中日がテスト生のビクトル・ディアス外野手(30=元レンジャーズ)を獲得することが25日、分かった。メジャー通算24本塁打、昨季もメキシカンリーグで34発を放った実績を高評価。29日から沖縄・北谷で入団テストを実施するが、形式的なものになる見込みだ。この日、来日したディアスは、自身を「マニー・ラミレス(元レイズ)タイプ」と豪語。ブランコとの2枚看板で打線を活性化する。

 来日即、合格だ。高木竜が外野手のテスト生、ディアスを獲得する方針を固めた。この日、中部国際空港着の航空機で来日したドミニカンは、29、30日の両日、キャンプ前の沖縄北谷で入団テストを受ける。だがそれは体調チェックなど、形式的なものにとどまる見込み。よほどのアクシデントがない限り、竜の新助っ人に加わることになった。

 182センチ、95キロの体格を生かしたパワフル打撃が売りで、メジャー通算24本塁打。ここ4年はマイナー生活だったため、高木監督が見守る実技テストで合否を決める方針だった。だが昨年はメキシカンリーグ102試合で34本塁打、89打点をマークするなど魅力の打棒を再評価。昨季12球団の最低打率に終わった打線を活性化できる右の大砲として、受験前の合格内定に至った。期待は母国が同じブランコとの2枚看板での大暴れ。ディアスも合格発表前から豪語した。

 ディアス

 マニー・ラミレスのようなタイプと思ってくれればいいよ。チームが勝つためにホームランを打って打点を稼ぎたい。足も自信があるし、盗塁20個、二塁打40本を目指すよ。

 テスト生待遇とは思えない。よほど自信があるのだろう。自身をメジャー通算555本塁打、かつてのワールドシリーズMVPの大砲になぞらえた。メジャーでは1試合2本塁打を5度、満塁弾も2度マーク。通算355勝のマダックスや同213勝のスモルツも痛打し、岡島キラーとしても名を売ったと胸を張った。

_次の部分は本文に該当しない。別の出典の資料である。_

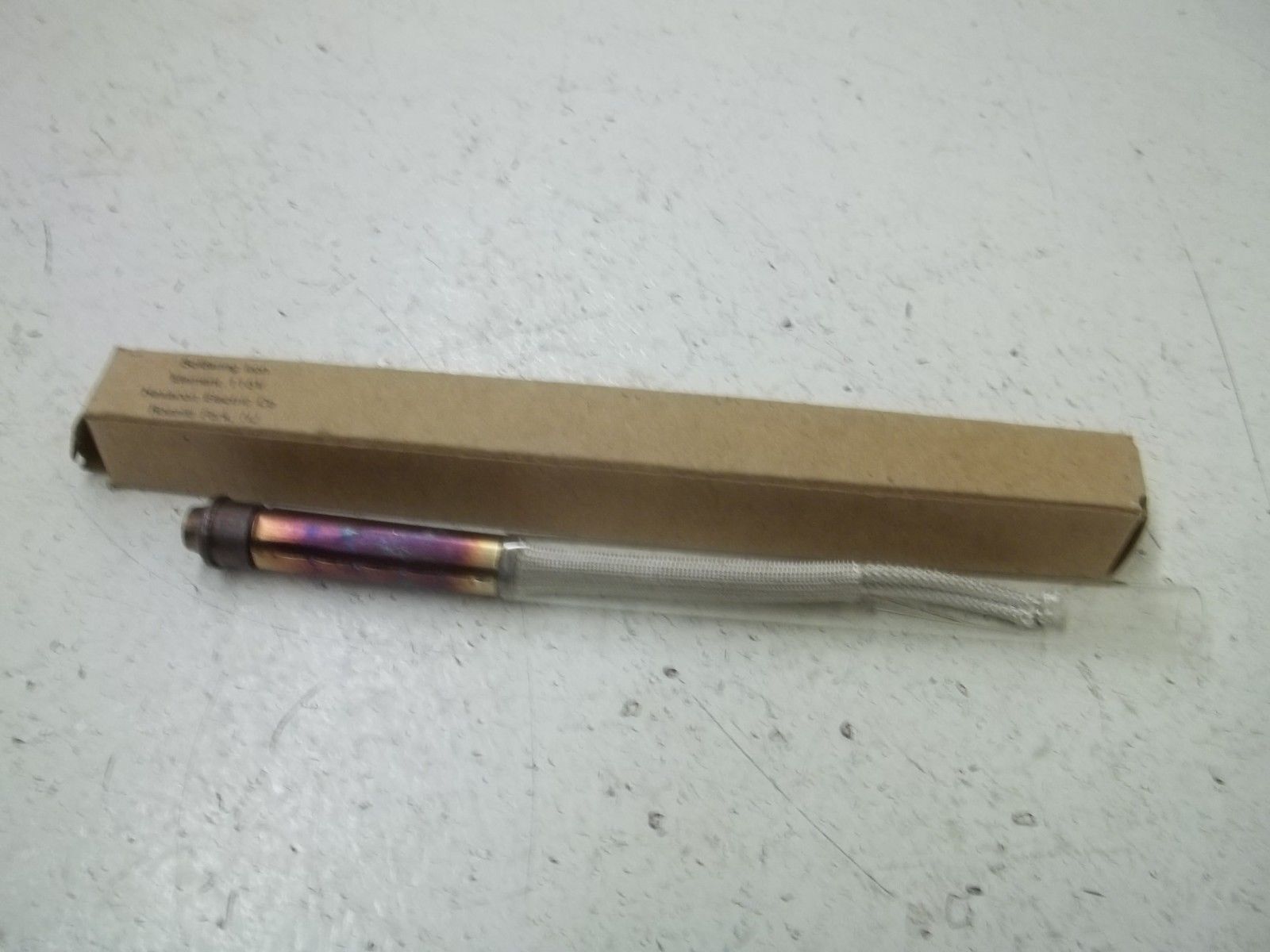 HEXACON 30H SOLDERING IRON, ELEMENT 115V NSMP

 井手編成担当が「ホームランも多いが三振も多い選手」と話すように、昨季は試合数の約1・5倍、150の三振を喫した。極端に言えば三振か本塁打か。弱点は多いかもしれない。だが、日本野球の情報は親交のある元広島シーボルや元日本ハムのボッツらから入手済み。「変化球が多い」と気合十分で来日した。球団も1発長打の持ち味はそのままに、確実性アップの期待も込めての獲得だ。

 ディアス

 元々は二、三塁の内野手。打撃を生かすために外野に行ったんだ。守りも使えると思うよ。

 近年は右翼での出場が多いが、中堅や左翼の経験も豊富で外野はどこでもOK。さらに昨季は一塁でも出場するなど、6つのポジションを守ったオールラウンダーだ。起用の幅も広がる。

 近年の中日では08年のネルソン、昨年のソトらがテスト生からVの使者に成長した。ディアスが大当たりなら、3連覇へ一気に加速できる。ベールを脱ぐ沖縄が楽しみだ。【松井清員】

 ◆ビクトル・ディアス

 1981年12月10日生まれ、ドミニカ共和国サントドミンゴ出身。18歳の時、ドジャースからドラフト指名を受ける。04年メッツでメジャー初昇格。同年から06年まで松井稼頭央(楽天)とプレーし、05年は自己最高の12本塁打&38打点をマーク。大リーグ通算は出場147試合で打率2割5分6厘、24本塁打、73打点。メジャーは07年レンジャーズが最後で、09年は韓国ハンファでもプレー。182センチ、95キロ。右投げ右打ち。